よって、高額コインの次のコインが欲しい場合、余韻に浸らずに気持ちをしっかりと維持しましょう。大きなチャンスに巡り合えるかもしれません。
一気に決着をつけたい場合
自分がどうしても欲しいコインが、出品されているとします。そして、高額になっても構わないから欲しいです。スタート価格は5万円だったとします。オークショナーは、周りの状況を見ながら、徐々に価格を引き上げていきます。
- 5万円
- 5万2千円
- 5万4千円…
徐々に価格が上がっていきます。オークション会場を見渡すと、パドルを上げている人が大勢います。また、インターネット経由でも、入札参加者がいるようです。
こんな時、ライバルを一気に突き放して勝利したいかもしれません。この時に発動する技です。
高値で入札
その技とは、現在値よりも大幅な高値で入札することです。今回の場合なら、大きな声で「10万円!」などとオークショナーに伝えます。すなわち、今の価格に関わらず、10万円で買います!という意思表示です。
オークショナーは、高い価格で買いたいという人がいれば、その人を優先します。入札の現在価格は、いきなり10万円に跳ね上がります。これで、他の入札参加者の意欲を削ります。その結果、自分の勝利が近づきます。

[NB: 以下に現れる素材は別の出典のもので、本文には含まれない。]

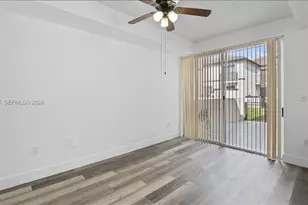 8625 SW 152nd Ave, Miami, FL 33193 - Photo 11
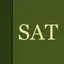 易呗背单词-SAT英语专用版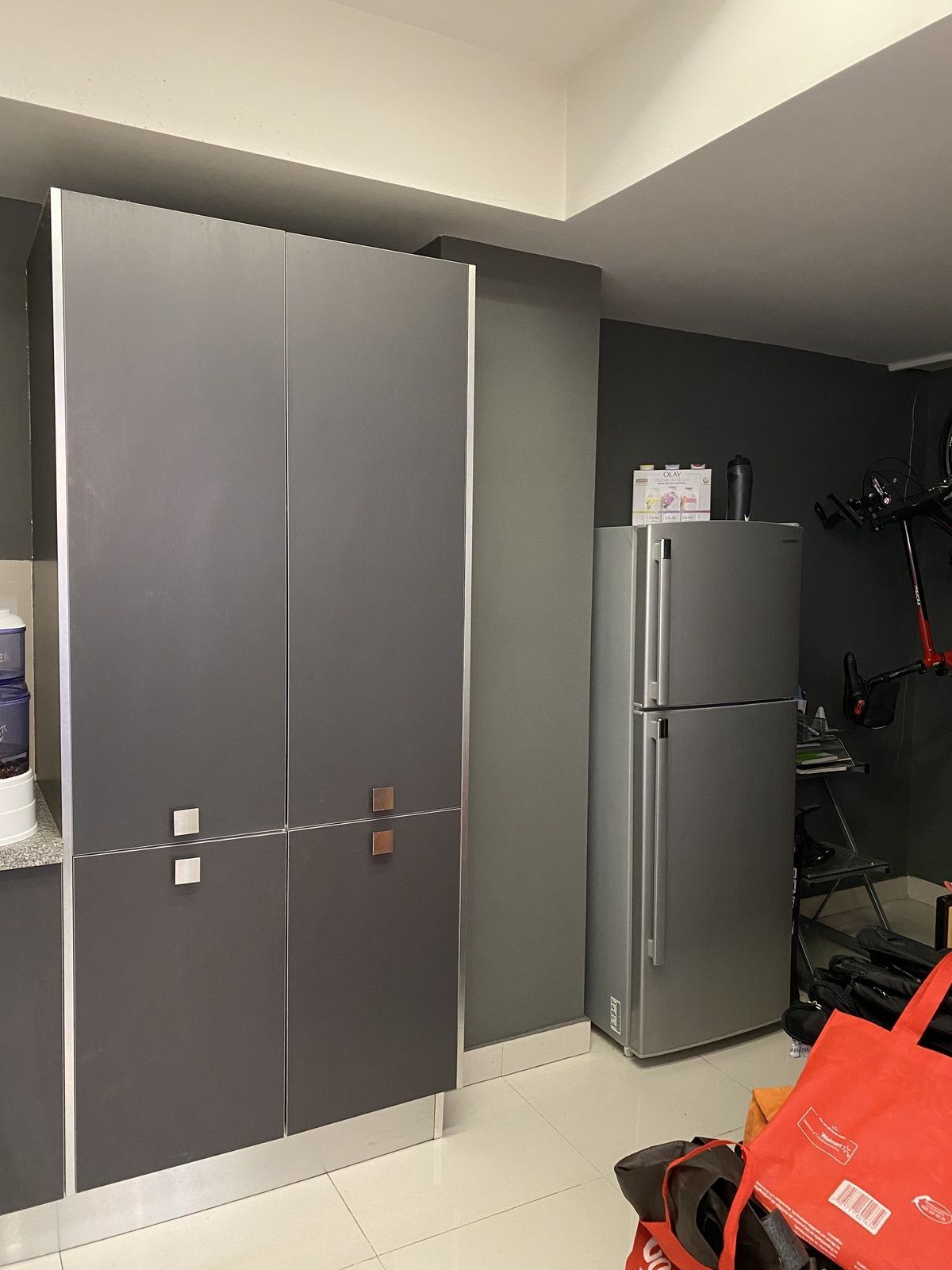 Apartamento em Bosques de las Palmas, Huixquilucan, foto 12 de 42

しかし、これで勝利が確定しない場合があるのが、オークションの興味深いところ。誰かがパドルを上げ続ける可能性があり、この場合、さらに価格が上昇します。
その戦いの様子を見守るのは、とてもワクワクします。
複数枚が同時に出品される場合
出品カタログを見ますと、複数のコインや紙幣が、まとめてオークションにかけられている場合があります。例えば、100枚の紙幣をまとめて1つの出品物とみなして、オークションに出される場合です。
このような場合、1枚1枚の価値は低いです。
お宝が紛れ込んでいるかも
ところが、こういった出品物に、お宝が眠っている場合があります。例えば、特年です。特年とは、特定の年号だけ発行数量が極めて少なくて価値が高い、という年号です。
数多くの枚数に紛れて特年があれば、貴重な紙幣やコインを安値で購入できることになります。
特年の知識があり、出品物を事前に調べれば、もしかしたらお宝に巡り合えるかもしれません。ただし、この幸運に恵まれる可能性は高くないので、期待しすぎるのは禁物です。
【余談】過去の落札コインその2
オークションでは、安価なコインも出品されます。下は、第52回コインオークション(2020年12月開催)で出品された銀貨で、落札価格は1,000円でした。1,000円なら、気軽に参加できます。
出品した本人が落札する場合
オークションに自分のコインを出品する理由は、何でしょうか。それは、売って現金を得るためです。しかし、出品したコインを、自分で落札する場合があります。その理由には、少なくとも2つのパターンがあるようです。
安く売りたくない
一つ目は、希望額よりも安く売りたくない場合です。以下の例があったとしましょう。数字は適当です。
- スタート価格:500万円
- 希望売却価格:1,000万円
スタート価格は500万円ですから、極めて貴重なコインです。人気もあるでしょう。しかし、人気があるといっても、1,000万円で売れるかどうか、微妙かもしれません。そして、出品者は、安く売りたくないと考えているとします。安く売るくらいなら自分で買い戻したい、という状態です。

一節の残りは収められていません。